Trust me; I felt happy for Chuck. All his friends assumed that Carla would “make something” of Chuck. And we all knew that you couldn’t sit in the coffeehouse all afternoon for the rest of your life scribbling our sonatas that you never finished. He’d wind up as a mid-level executive in Daddy’s company, drive home to an upper-tier suburb, play with the kids, sit in the study, and try to compose for an hour every night. Carla would eventually grow bored with the routine; he’d no longer be the exciting rebel she married.
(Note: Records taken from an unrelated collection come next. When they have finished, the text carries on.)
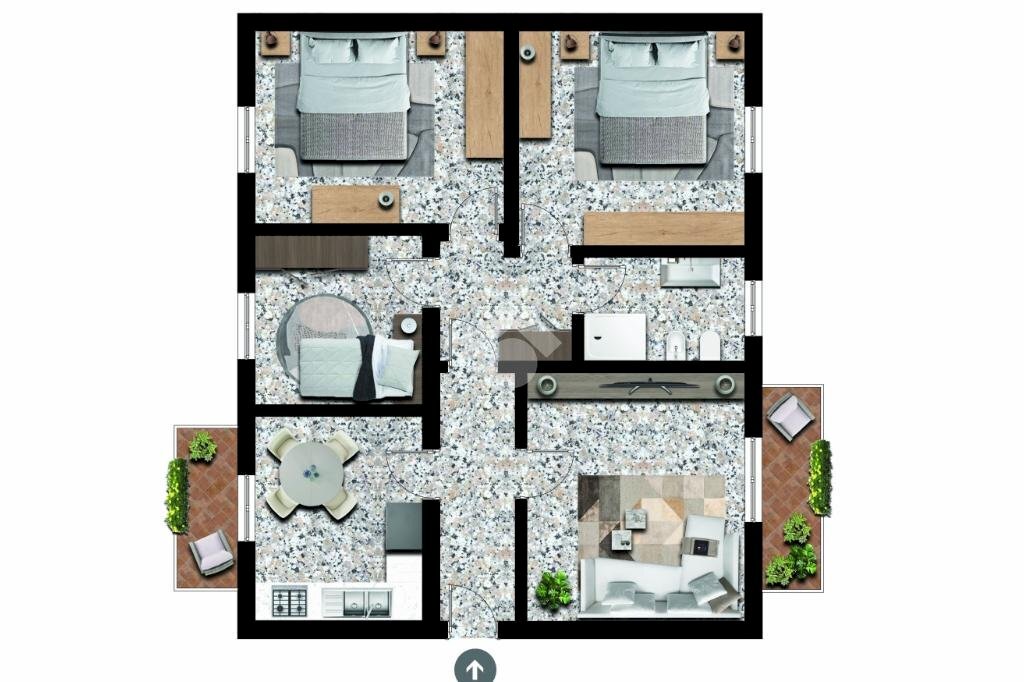 Four-room apartment Via Piave, Cento - floor plans 1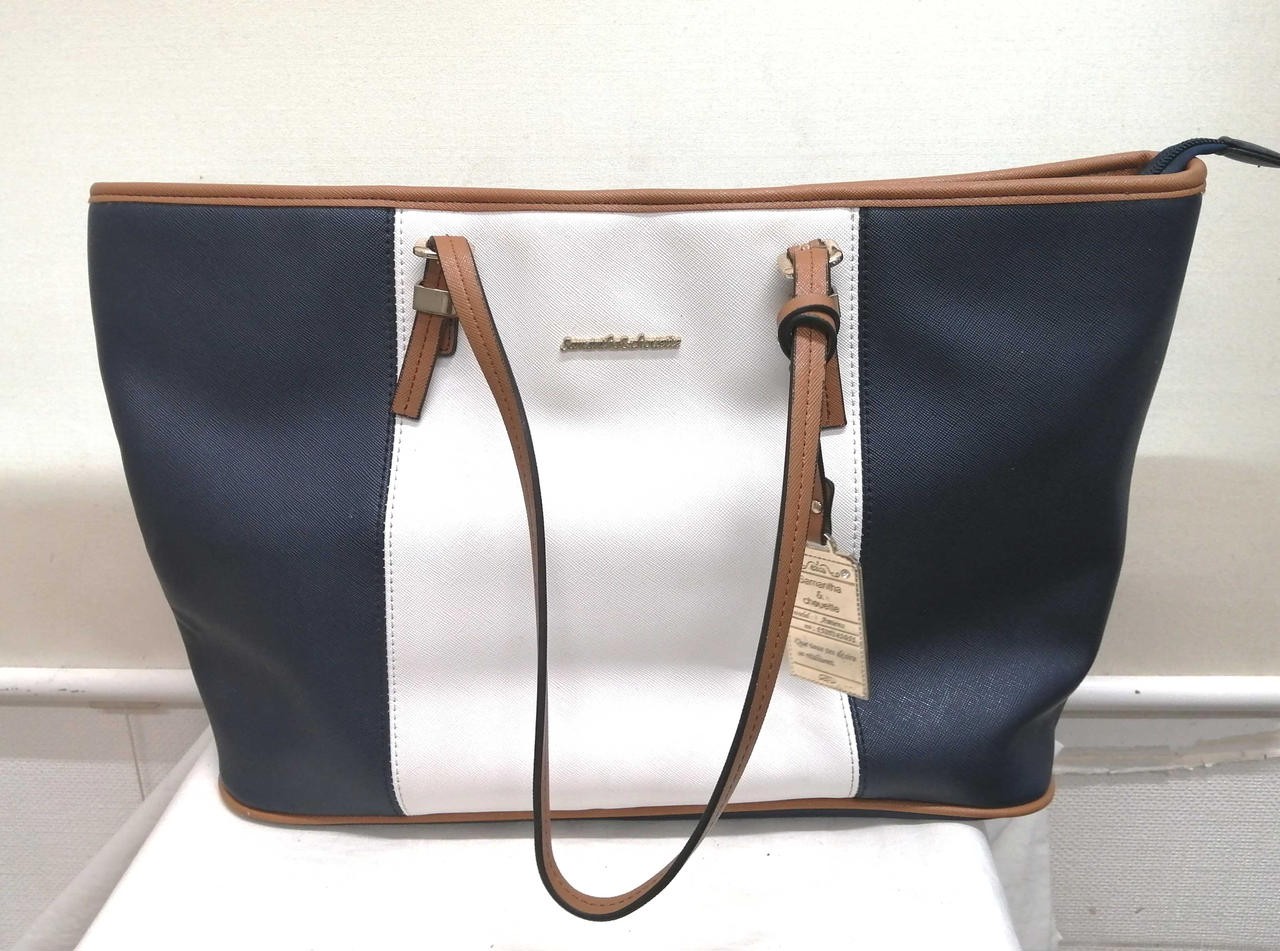 Leather tote bag NVY WHT SAMANTHA CHOUETTE stylish designer handbag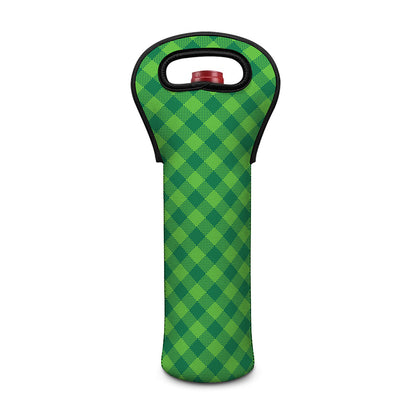 Green Plaid Saint Patrick's Day Print Single Neoprene Wine Tote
What happened then was the subject of our group’s conversations when Chuck was not around. Depending on who was painting the canvas of Chuck’s future, Carla would leave him, take the kids and return to mummsie and dadums, or Chuck would, in a herculean effort, produce a grand opus and become an acclaimed composer of elevator music—the variations on themes repeated over and over. Depending on how silly, how drunk, or how despairing we felt, this could roll on for hours.
We were jealous, Chuck had found a way out, and we exercised this petty spite like sticking pins in a fetish doll to create pain.
The wedding came, and we were, of course, not invited. So Chuck disappeared, never to be seen again, and we moved on to other activities, and some of us even left the well-worn ruts we had worn into the streets of Beacon Hill.